Refugees from Syria (Refugee Voices) | Various speakers
- 7 April 2014
Listen to panel 18 of the RSC's Refugee Voices conference, which took place 24–25 March at St. Anne's College, Oxford
Coping strategies among self-settled Syrians in Lebanon | Cathrine Thorleifsson
Almost three years into the Syrian conflict, Lebanon has received the largest number of Syrian refugees. Lacking refugee camps, the refugees self-settle across the country where they depend on UNHCR, local charities and their own livelihood strategies for survival.
Based on qualitative fieldwork in the Sunni-village of Bebnine, located between Tripoli and the northern Syrian border, this presentation explores how displaced Syrians adjust to their new circumstances under the threat and actuality of violence.
Cathrine Thorleifsson has a PhD in anthropology from the London School of Economics. She is a senior researcher at the Fafo Institute for Applied International Studies in Oslo, Norway. Her book Nationalism and the Politics of Fear in Israel: Race and Identity on the Border with Lebanon will be published in March 2014.
Constructions of ‘refugees’ through cultural expression: Syrian refugees in Lebanon | Dina Jane Kiwan
Whilst human rights discourses suggest that the cosmopolitanisation of international law benefits non-citizens, others have argued that it is only through being fully recognised as a member of the political community, that we become ‘human’ and can claim our ‘human rights’.

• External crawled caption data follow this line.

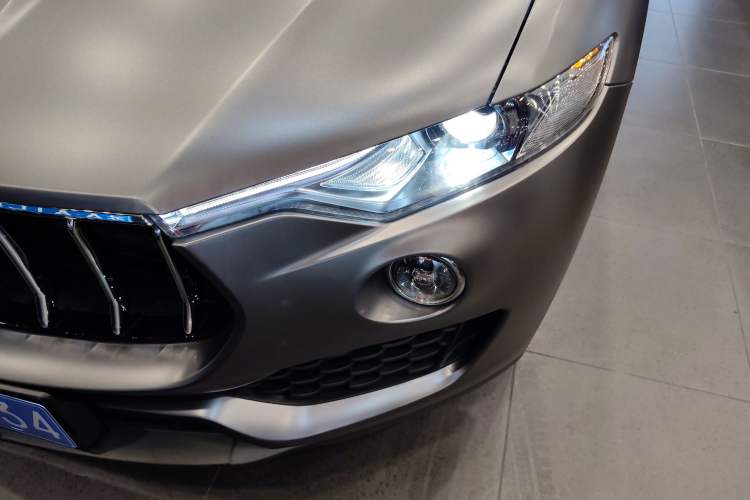 Used Maserati Levante 2021 3.0T Standard Edition Left Front Headlight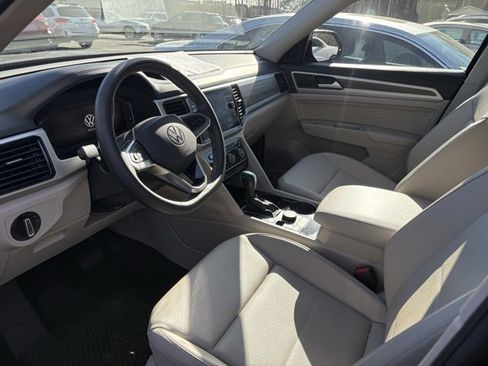 Used 2023 Volkswagen Atlas SEL image 3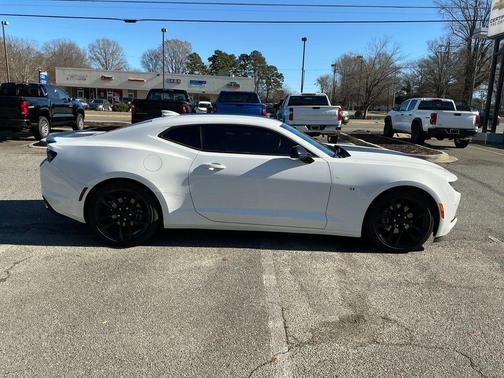 2023 Chevrolet Camaro 2LT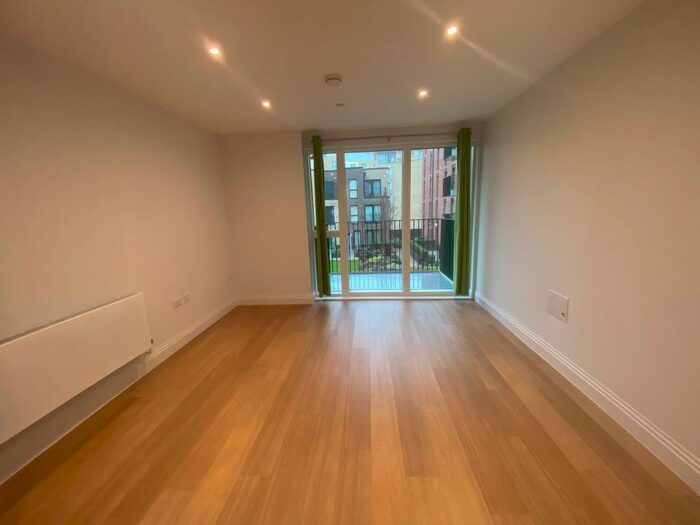 1 Bedroom Flat To Rent In Carraway Street, Reading, London &#; Bed Flat, RG1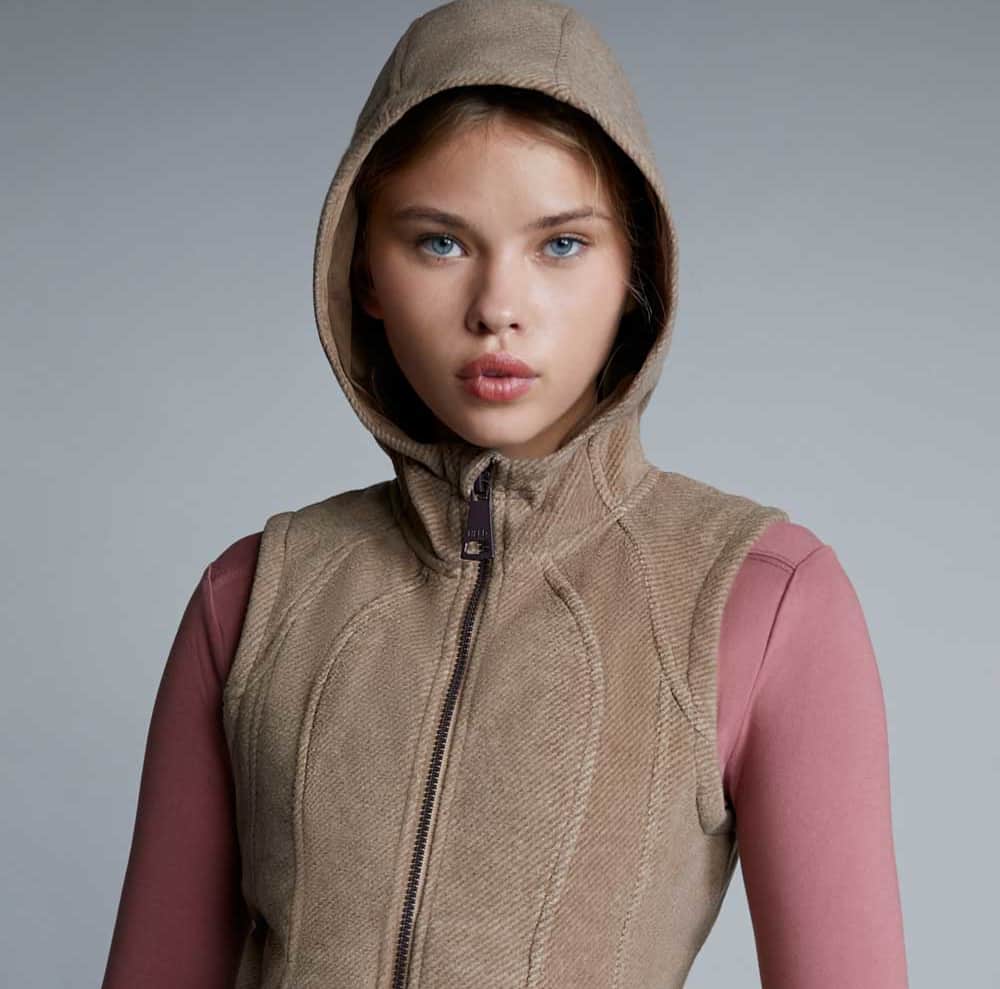 ROPA ABRIGADORA CHALECO HOLLY LAND 1214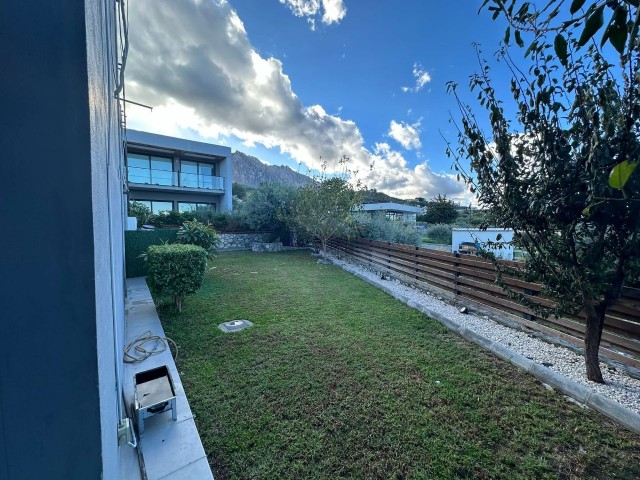 Villa zum Verkauf mit Meerblick in der Nähe der Hauptstraße in Karmi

This presentation explores these arguments using an analysis of two forms of cultural expression – a documentary film, ‘Not Who We Are’ (2013), and an art exhibition held in Beirut, ‘Syri-Arts’ – to examine how Syrian and Syrian–Palestinian refugees in Lebanon experience and construct understandings of their changing identities.

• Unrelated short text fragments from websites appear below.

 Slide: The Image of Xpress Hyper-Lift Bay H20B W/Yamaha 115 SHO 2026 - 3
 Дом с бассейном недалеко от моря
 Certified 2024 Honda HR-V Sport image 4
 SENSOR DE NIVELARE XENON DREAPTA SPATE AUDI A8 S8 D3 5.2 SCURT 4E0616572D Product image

Dina Kiwan is Associate Professor at the American University of Beirut. Educated at the Universities of Oxford, Harvard and London, she was previously Senior Lecturer in Citizenship Studies at Birkbeck College, University of London, and Co-Director of the International Centre for Education for Democratic Citizenship (ICEDC).

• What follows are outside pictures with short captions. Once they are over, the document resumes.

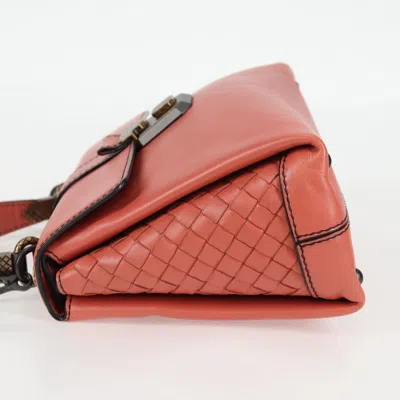 Pre-owned Bottega Veneta Piazza Top Handle Bag Leather With Intrecciato Detail Pink Leather Handbag (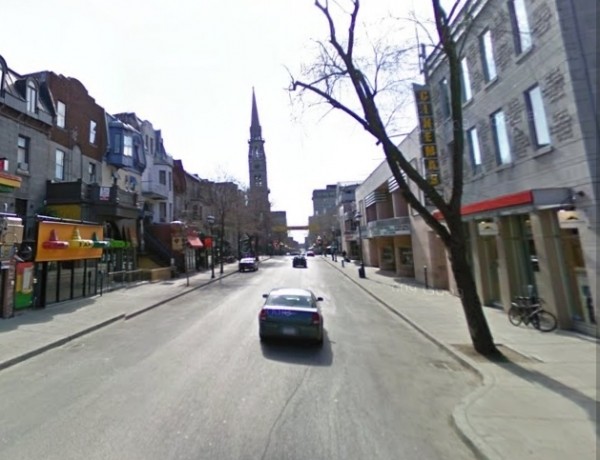 La rue Saint-Denis aujourd'hui, d'après Google Street View.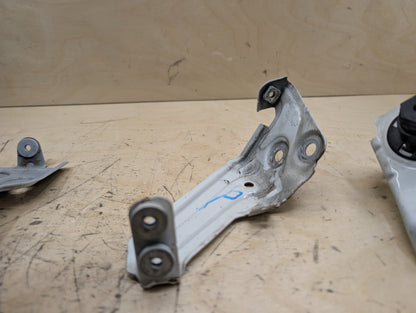 2018-2024 BMW X3 G01 Front Right Passenger Fender Brackets SET 7424678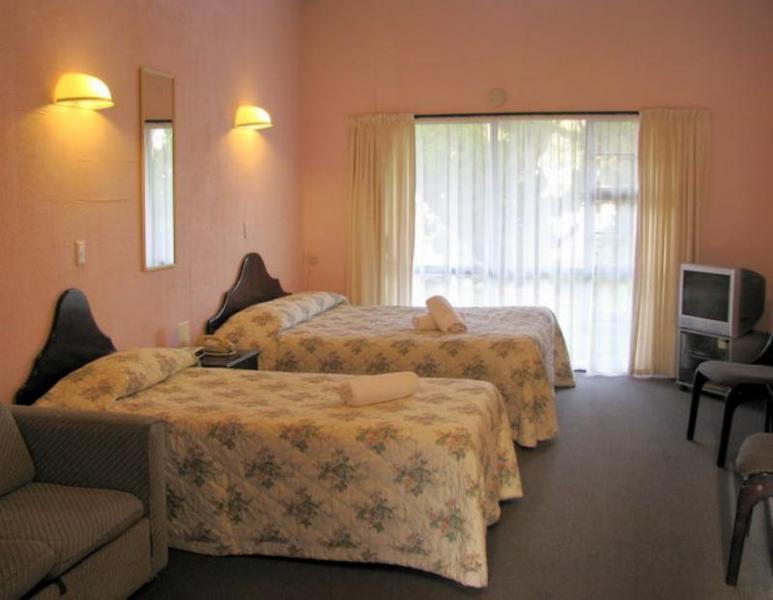 Burwood Motel Whanganui Kültér fotó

Listening to the voices of Syrian women refugees in Jordan: ethnographies of displacement and emplacement | Ruba Al-Akash and Karen Boswall
Please note, four short films were shown during this presentation. You can watch them here.
In the border town of Irbid, in Northern Jordan, five refugee camps host more than quarter of a million refugees, the majority of whom are women. Outside of the camps, the population of the towns and villages along the border have doubled since the beginning of the Syrian crisis in 2011, bringing the number of refugees in this border area of Jordan to over half a million.
Al-Akash and Boswall present an ethnographic exploration of the real desires and needs of these Syrian refugee women. Looking into their life stories and narratives, Al-Akash and Boswall offer rich, new anthropological perspectives on the issue of forced migration, and on people’s ability to adapt and cope in new and challenging socio-cultural environments.
Ruba Al-Akash is a social anthropologist and Assistant Professor in the Department of Architecture and Design at Jordan University of Science and Technology. Karen Boswall is a British film-maker, radio producer and visual anthropologist.
'Khidan li-Adhan… walls have ears' even in the diaspora: Syrians in London | Veronica Ferreri
This presentation investigates the emergence of a new Syrian diasporic subjectivity, and the cultural mechanisms through which Syrians in London conceived and ‘experienced’ the al-Assad regime in the diaspora.
The aim of this analysis is to trace the role of memories and emotions in relation to political power and displacement. Thus, Ferreri argues that remembrances and emotions can be conceptualised as a site where the regime’s power was reproduced and maintained but, at the same time, contested.
Veronica Ferreri is a MPhil/PhD student at the School of Oriental and African Studies. Her PhD research represents an attempt to cast light on the relationship between Syrian refugees and the Syrian state, exploring the process of political subjectivisation when state structures and institutions crumble.